__What to work on__: Write out exactly the lines of the entries below from the one holding "Texas rangers retro" to the one holding "Vitange Coca Cola", inclusive, and leave out all other lines.

__Listed records__:
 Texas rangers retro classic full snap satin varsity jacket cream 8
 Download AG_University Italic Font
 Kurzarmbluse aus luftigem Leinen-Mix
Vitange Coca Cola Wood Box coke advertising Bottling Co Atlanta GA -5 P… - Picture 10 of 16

...

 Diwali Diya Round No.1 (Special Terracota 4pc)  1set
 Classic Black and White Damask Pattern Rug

__Task result__:
 Texas rangers retro classic full snap satin varsity jacket cream 8
 Download AG_University Italic Font
 Kurzarmbluse aus luftigem Leinen-Mix
Vitange Coca Cola Wood Box coke advertising Bottling Co Atlanta GA -5 P… - Picture 10 of 16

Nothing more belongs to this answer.